*WHAT THE EXERCISE ASKS*
Please reproduce the lines from the one containing "De maiô, Fernanda" through the end of the data below exactly as they stand, and omit all pictures.

*DATASET SECTION*
──────────────────────────────
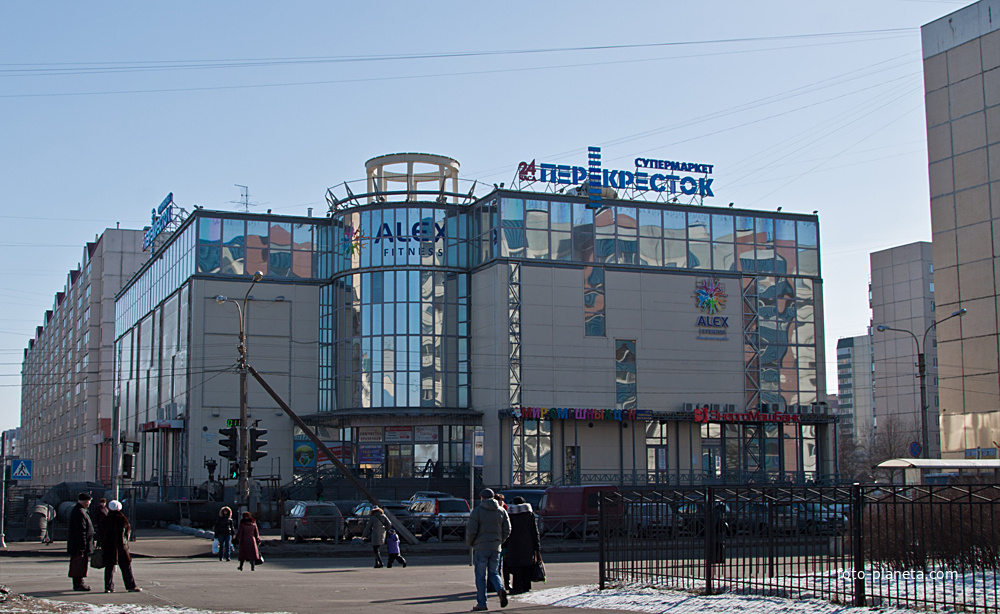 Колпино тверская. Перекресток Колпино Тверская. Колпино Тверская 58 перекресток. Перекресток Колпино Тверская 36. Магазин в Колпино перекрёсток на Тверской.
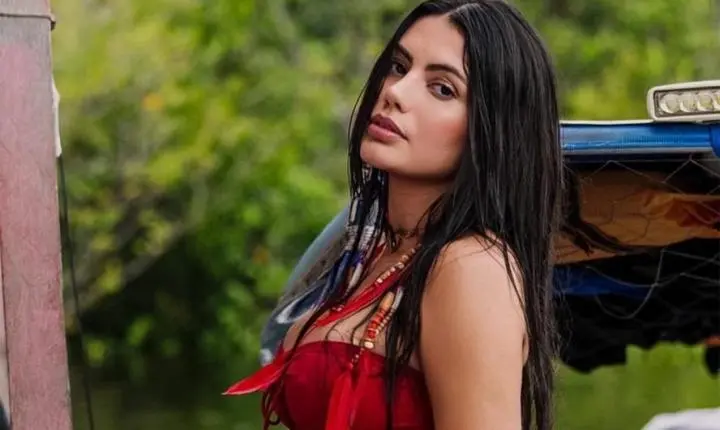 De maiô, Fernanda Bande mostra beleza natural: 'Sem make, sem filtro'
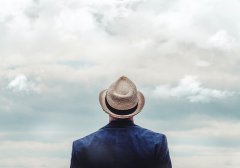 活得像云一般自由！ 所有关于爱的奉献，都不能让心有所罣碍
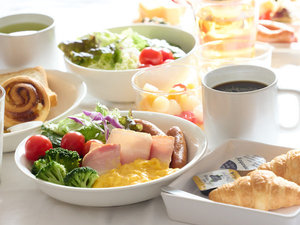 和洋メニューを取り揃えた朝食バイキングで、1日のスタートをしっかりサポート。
──────────────────────────────
*ANSWER TO THE EXERCISE*
 De maiô, Fernanda Bande mostra beleza natural: 'Sem make, sem filtro'
 活得像云一般自由！ 所有关于爱的奉献，都不能让心有所罣碍
 和洋メニューを取り揃えた朝食バイキングで、1日のスタートをしっかりサポート。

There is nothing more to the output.